Port Hardy—In what was arguably the biggest spectacle on the North Island during the past 50 years, the Big Community Event went off in grand fashion and without a hitch.
“I was blown away by the turnout — I was overwhelmed by it,” said Carol Dirom, who, with husband Bruce, owns Hardy Buoys Smoked Fish Inc.
It’s estimated more than 2,000 people showed at the Port Hardy Civic Centre to take part in the event, which was all part of the CBC show, the Big Decision, that could save the distressed Hardy Buoys.
The Big Decision uses stars from its hit show, The Dragons’ Den, to work with struggling, but established Canadian businesses to offer advice and maybe even cash to invest — if certain criteria are met.

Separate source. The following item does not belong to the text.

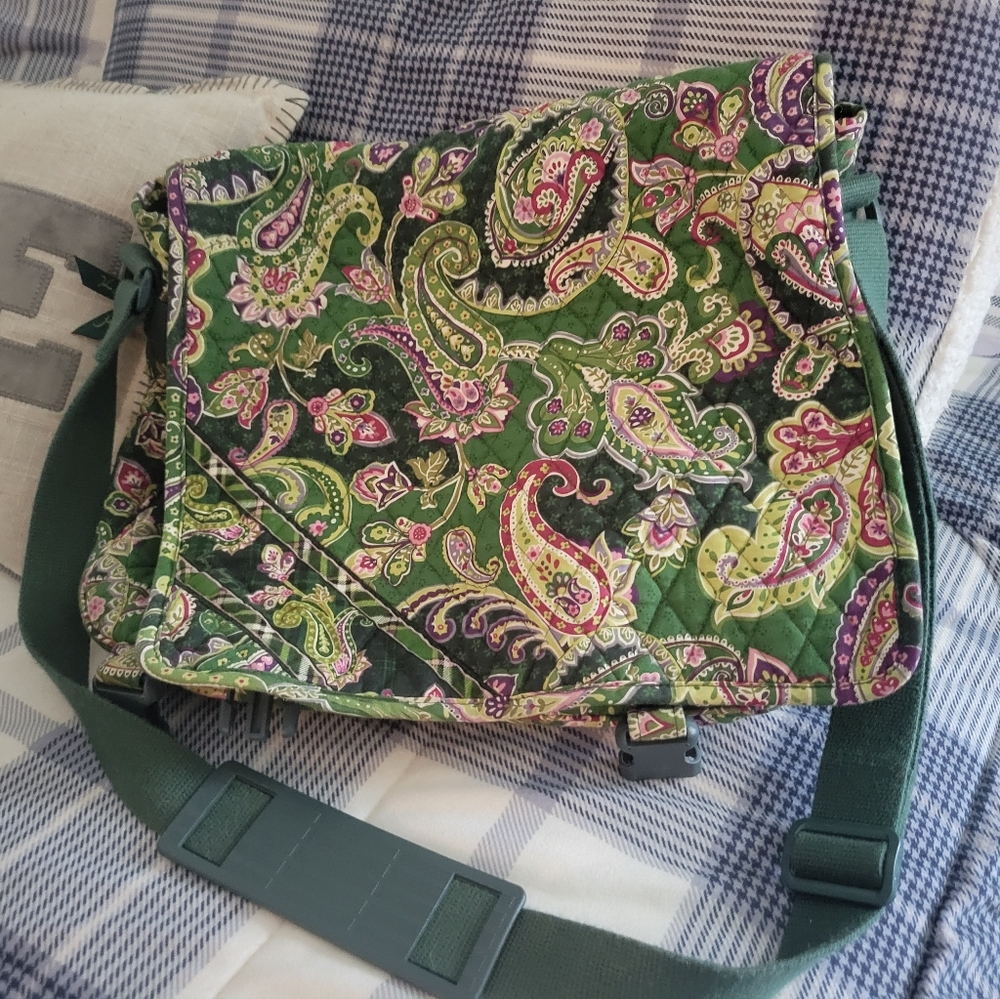 Vera Bradley vintage green paisley messenger bag*INACTIVE, IN STORAGE*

In Carol’s case, she worked with Arlene Dickinson and was tasked organizing and hosting a community event that would draw attention to the North Island.

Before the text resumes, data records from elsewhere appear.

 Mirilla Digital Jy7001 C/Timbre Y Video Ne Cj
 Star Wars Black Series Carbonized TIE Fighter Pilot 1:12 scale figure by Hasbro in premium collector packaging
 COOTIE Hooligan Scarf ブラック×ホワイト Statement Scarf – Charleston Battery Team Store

Based on that alone, Hardy Buoys would seem to be a shoo-in to win.
“I can’t really say what happened,” Carol told the Gazette Tuesday.
“We don’t have all the details yet, but it was positive (and) let’s just say Hardy Buoys will be around for a while yet.”

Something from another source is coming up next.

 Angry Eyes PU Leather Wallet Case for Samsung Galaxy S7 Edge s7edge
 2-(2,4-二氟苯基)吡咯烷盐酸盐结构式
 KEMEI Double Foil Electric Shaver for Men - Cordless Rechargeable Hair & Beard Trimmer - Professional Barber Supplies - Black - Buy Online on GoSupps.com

So will memories of the Big Event where more than 2,000 hot dogs were given away. As well, thousands of non-alcoholic drinks of all types were given free to thirsty members of the crowd.
In fact, all the food — which included platter after platter of candied, smoked salmon, salmon burgers, pizza and even some Asian food — was free.
As was the entertainment that included two local bands, a First Nations’ dance display, face-painting and an appearance by Clifton Murray.
More than 22 teams entered the Big Flavour Face Off, which saw that number whittled to eight for the final cook-off, which was won by two teams, Tasty Tam’s Pizza, and the Executives — a team of ladies sporting Dickinson’s red locks with the shock of white — which split the $5,000 prize. Both teams donated the money to local charities.
The food bank also did well and received more than 500-lbs of non-perishable food and $200 donated by folks at the event.
The event was vital in determining whether Hardy Buoys gets a rejuvenating jump start from Dickinson, who kept mum on what her decision will be.
“I’m still mulling it over to be honest with you and I’m not going to play my hand right here,” she said, moments before hopping into a car to leave the Civic Centre.“But I can tell you I’m very appreciative of the things they did do.”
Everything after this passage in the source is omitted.